Enseignant : un métier de « privilégiés »... que plus personne ne veut faire

25 septembre 2011 Convergences Société

Temps de travail hebdomadaire, vacances, et même salaire : par rapport aux autres salariés – à commencer par les agents du même ministère – et même sans parler des légendes sur les grèves payées, les enseignants font figure de privilégiés.

Un métier de fainéants ?

Le temps de travail d’un professeur certifié de collège ou de lycée est de 18 heures par semaine sur son lieu de travail. Fixé par un décret de 1950, il prévoyait, que pour une heure « devant élève », on ajoute 1,5 heure de préparation, correction, remise à niveau des connaissances, etc. chez lui. Ce qui donne une semaine de 45 heures pour 18 heures de cours [1]. De l’aveu même des inspecteurs, les enseignants travaillent plus que cela. D’autant que les temps de réunion décomptés dans les « obligations de service » ont explosé, pour la plupart sans compensation ou rémunération.

Des congés « payés » ?

Mais, objectera-t-on, les enseignants bénéficient des congés scolaires payés. À l’époque du décret, le temps de travail réel dans les autres secteurs atteignait environ 42 heures hebdomadaires sur 50 semaines. Les trois heures de plus du décompte de 1950 parvenant aux 45 heures hebdomadaires permettent, depuis cette époque, de « payer » les « petites vacances » : Toussaint, Noël. Car l’État a annualisé dès le départ le temps de travail des professeurs. Quant aux deux mois d’été, ils ne sont tout simplement pas payés ! La grille de salaire a été fixée, elle aussi en 1950, au même niveau que les autres cadres de la fonction publique recrutés avec un concours au niveau Bac + 3. Mais, à cette grille, il a été retiré deux mois de salaire. Les 10 mois restants ont été divisés par 12.
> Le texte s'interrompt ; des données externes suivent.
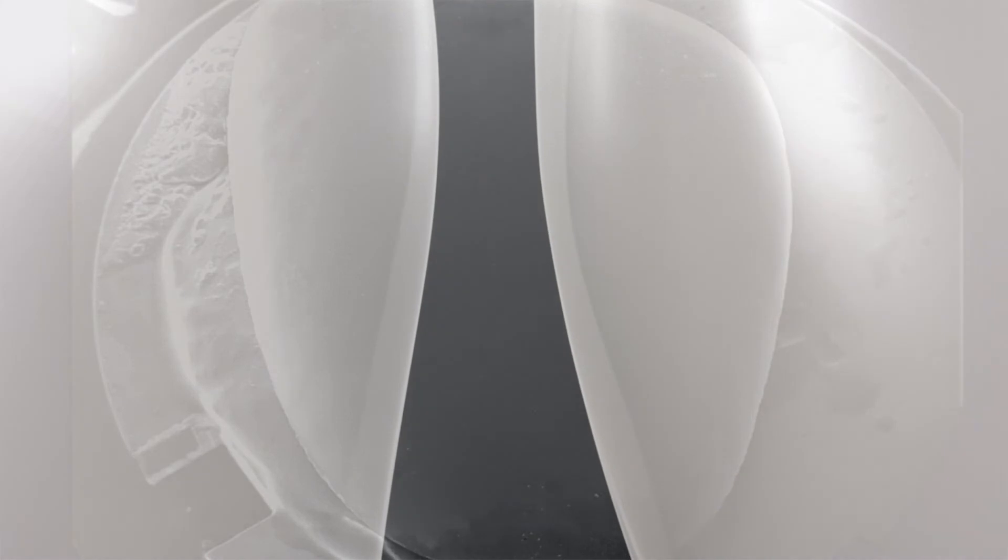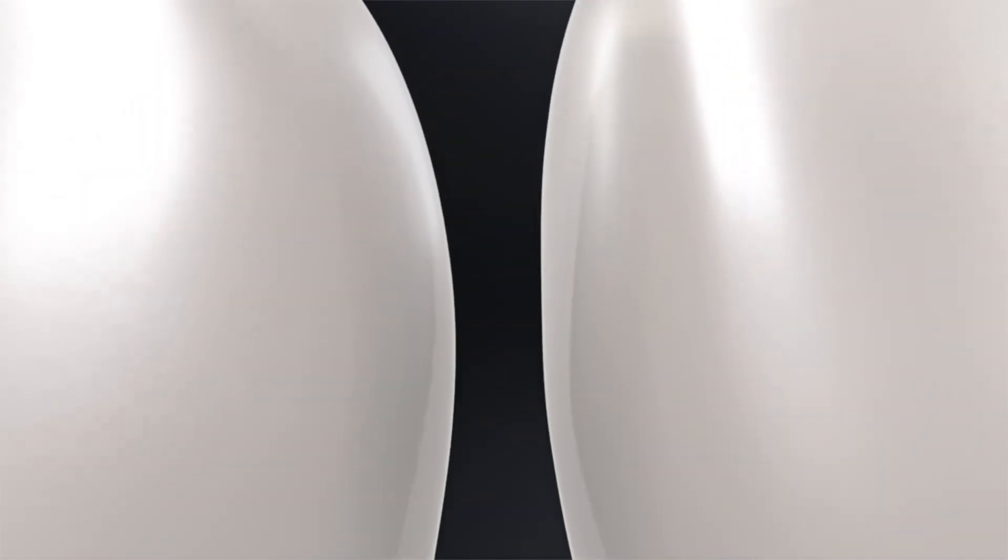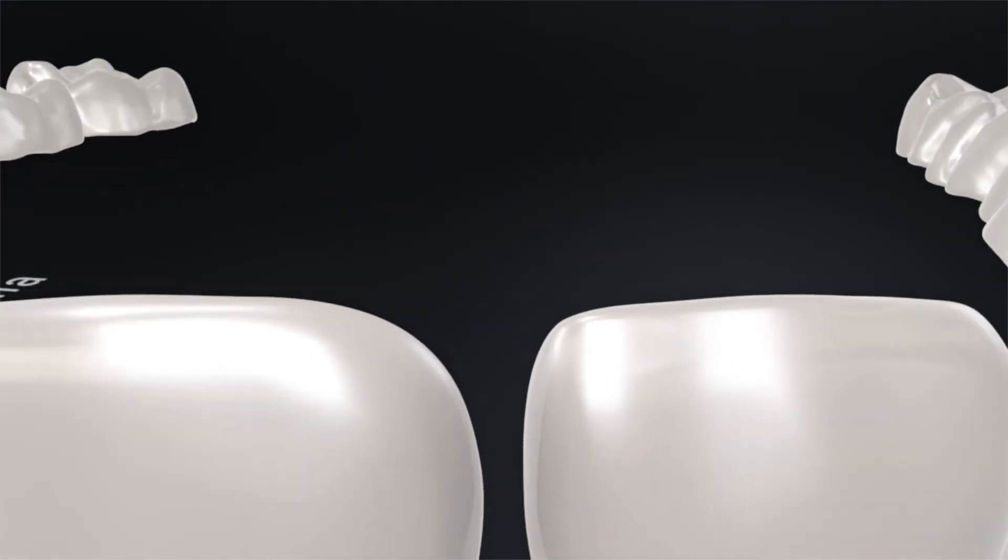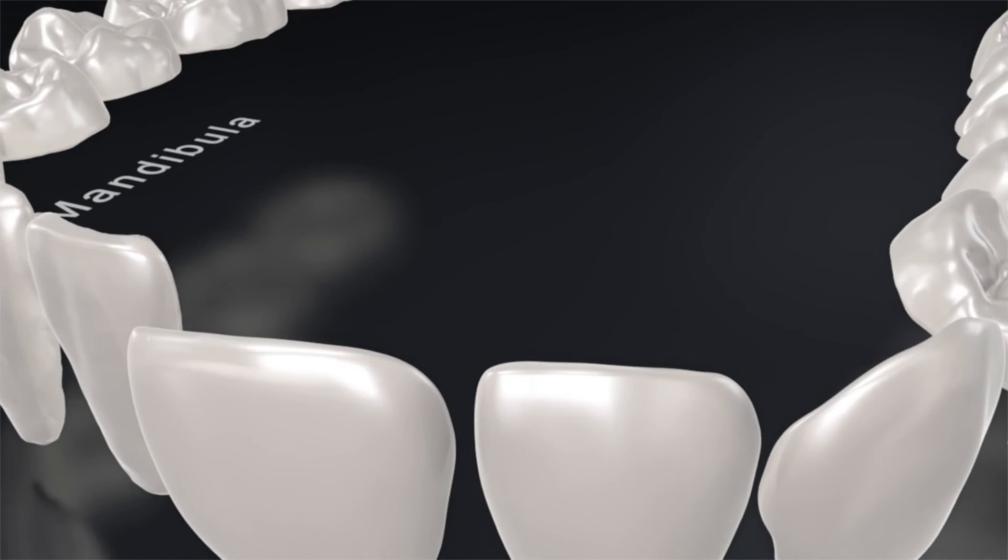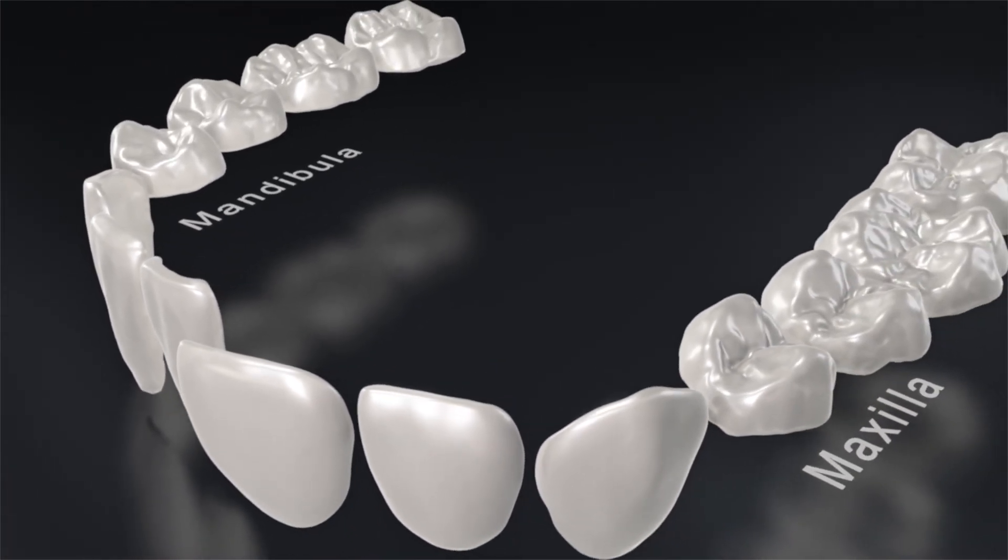The biomechanical properties of natural tooth enamel have been reconstructed optimally, merged together with natural bio-aesthetics.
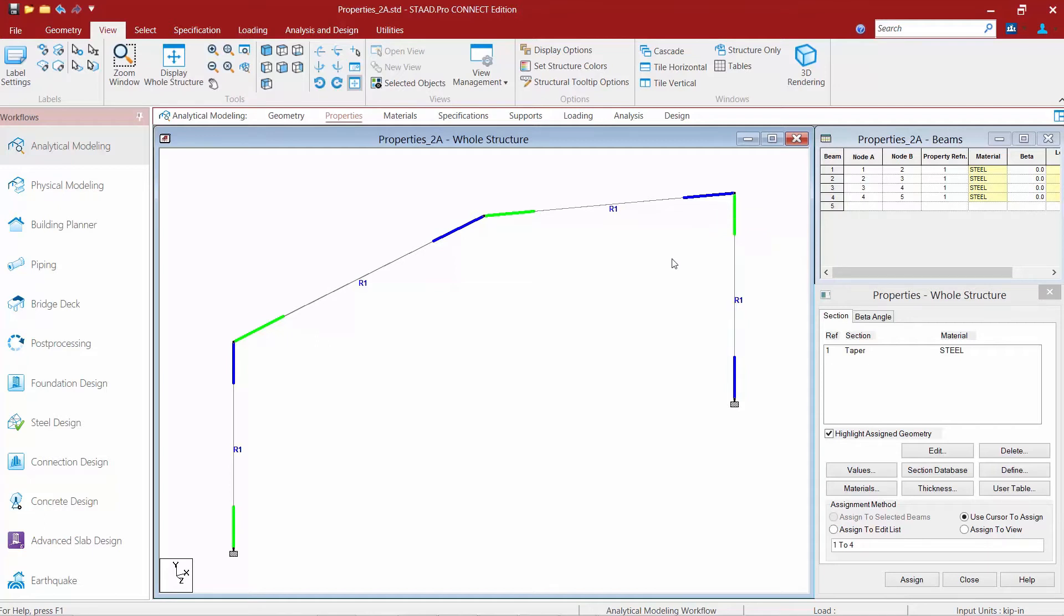Now for this particular model I've gone ahead just for illustration purposes and assigned a tapered steel section to the members. Tapered sections are defined with section properties at the starting and ending end and then the program will interpolate the values between those two ends to determine the overall structural properties of the member.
En fait, les salaires des enseignants sont nettement en dessous de la moyenne des cadres du privé comme du public. Celui d’un ingénieur débutant est de 2 800 euros environ – certes parfois moins et au forfait jour – ; celui d’un professeur certifié est, actuellement, de 1 689 euros. Le pouvoir d’achat des enseignants a constamment reculé depuis quarante ans. En 1970, le salaire d’un enseignant débutant était 2 fois supérieur au SMIC. Aujourd’hui, il n’est plus que 1,5 fois plus élevé. À 15 ans d’ancienneté, les salaires des enseignants français sont inférieurs de 15 % à la moyenne de ceux de leurs homologues européens, rapportait récemment Le Monde.

La crise du recrutement

Ces quinze dernières années, le nombre des candidats aux concours de recrutement est tombé en chute libre. Ainsi, le nombre d’inscrits au Capes (concours de recrutement pour les professeurs de collège et de lycée) en 1997 était de 8 204 en mathématiques et 6 848 en français ; en 2010, il n’est plus respectivement que de 2 771 et 2 648. En septembre dernier, le nombre de candidats inscrits aux concours de 2011 accusait une baisse de 25 % pour le Capes, de plus de 30 % pour l’enseignement technique et professionnel et de près de 40 % pour les professeurs des écoles.

Au ministère, on parlait d’un phénomène « transitoire » dû à la réforme de la formation qui a élevé de deux ans, de la licence (bac + 3) au master (bac + 5), le niveau requis pour passer les concours. En fait, les attaques gouvernementales ont découragé une génération entière. La preuve : les inscriptions en première année de master pour préparer le concours 2012 ont encore marqué un recul de plus de 55 %, tous degrés confondus.

L’anéantissement de la formation

La réforme de la formation explique bien des choses. Jusqu’à l’an dernier, ceux qui préparaient le concours ne faisaient que cela pendant un an minimum. Une fois le concours réussi, ils étaient fonctionnaires stagiaires payés et se professionnalisaient dans les IUFM (Institut Universitaire de Formation des Maîtres) pendant un an – mais autrefois pendant deux ans, et encore avant trois ; les économies ne datent pas d’hier – avec un temps de présence en classe réduit – huit heures six auparavant.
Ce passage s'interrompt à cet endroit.